# Aim of the task
Your output should repeat the entries below exactly. It should contain no images.

# Study material
-.-.-
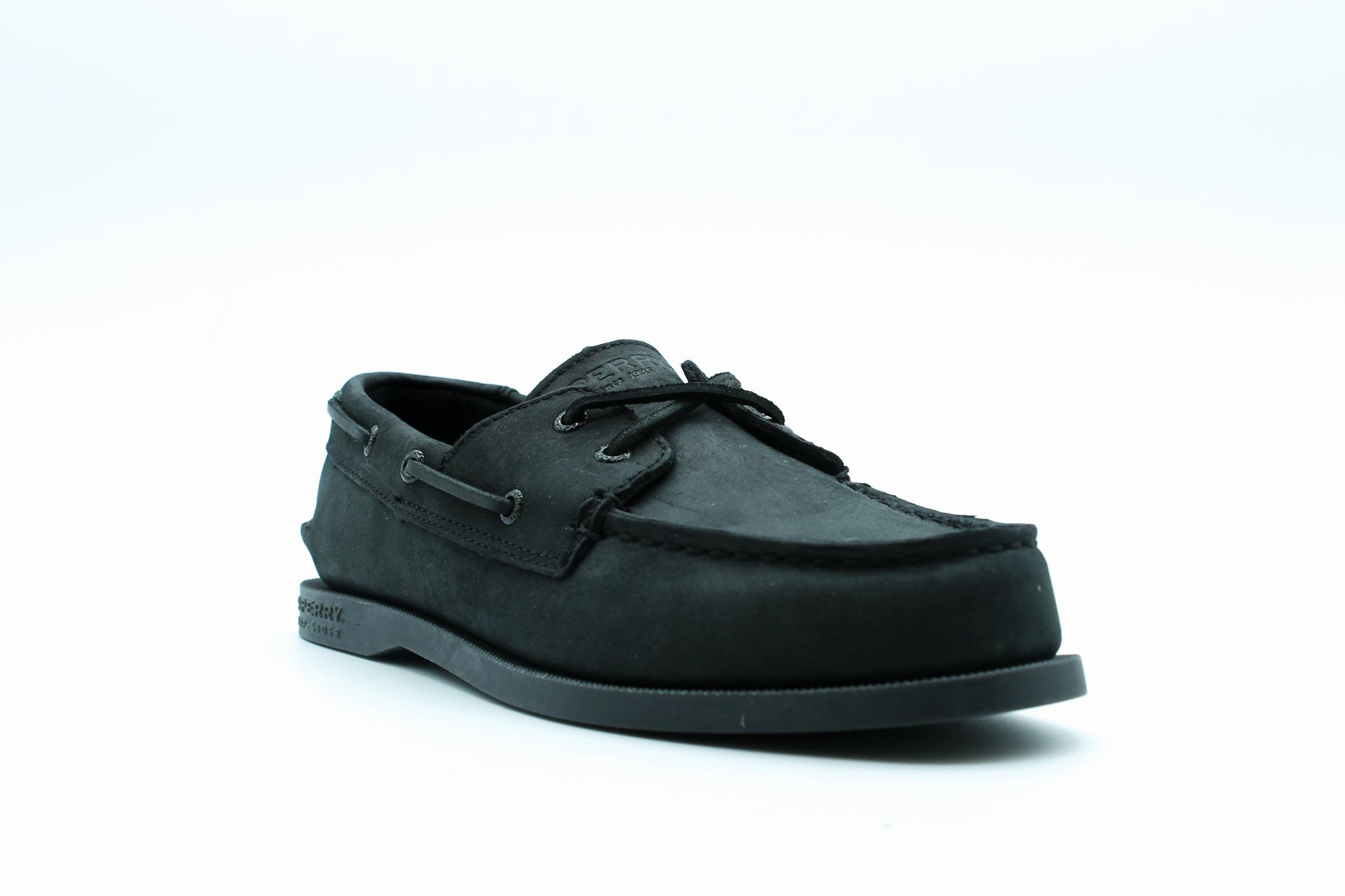 Famous Footwear Boots SPERRY Kid's Authentic Original Boat Shoe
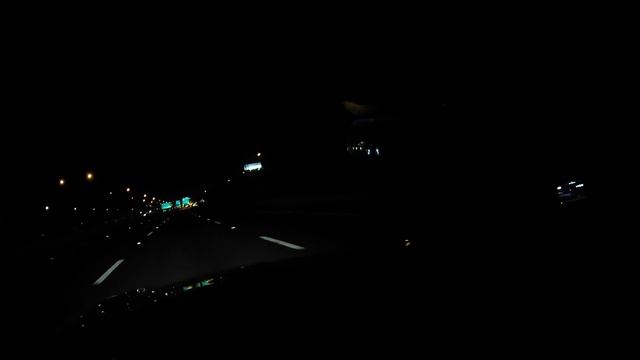 Honda S2000 Sound Compilation!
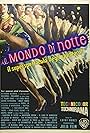 Il mondo di notte (1960)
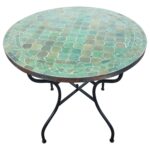 tables for master lime green accent table antique heavy duty drum throne nautical pendant lighting fixtures pier one promo code black coffee with storage best cantilever umbrella 150x150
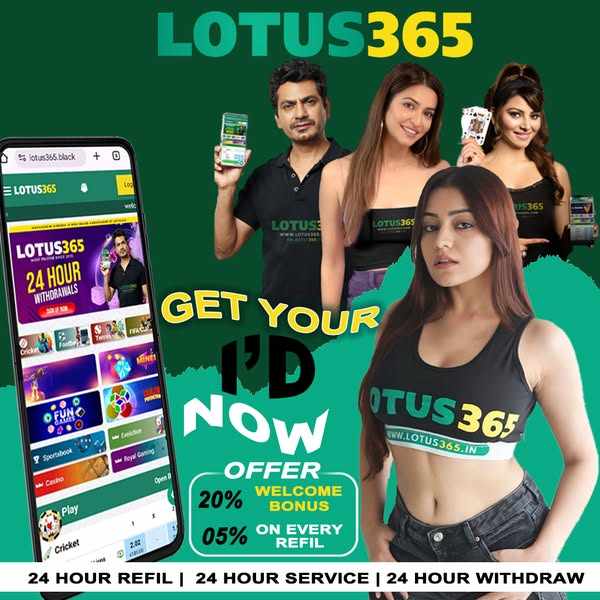 lotus 365.vip login | Trusted Online Betting Site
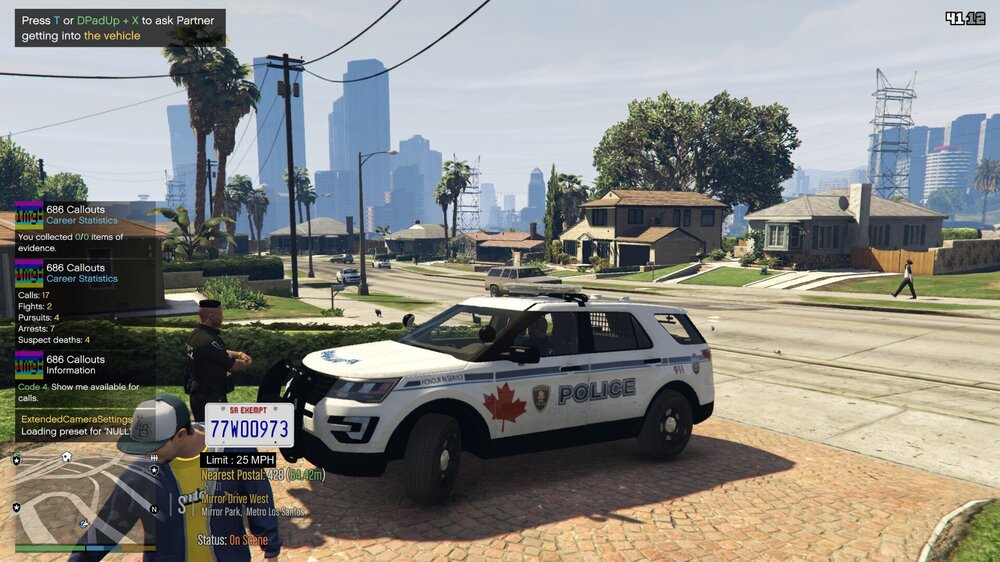 Could contain: land vehicle, text, vehicle, wheel, transport, sky, outdoor, tire, tree, car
-.-.-
# Solution to this problem
 Famous Footwear Boots SPERRY Kid's Authentic Original Boat Shoe
 Honda S2000 Sound Compilation!
 Il mondo di notte (1960)
 tables for master lime green accent table antique heavy duty drum throne nautical pendant lighting fixtures pier one promo code black coffee with storage best cantilever umbrella 150x150
 lotus 365.vip login | Trusted Online Betting Site
 Could contain: land vehicle, text, vehicle, wheel, transport, sky, outdoor, tire, tree, car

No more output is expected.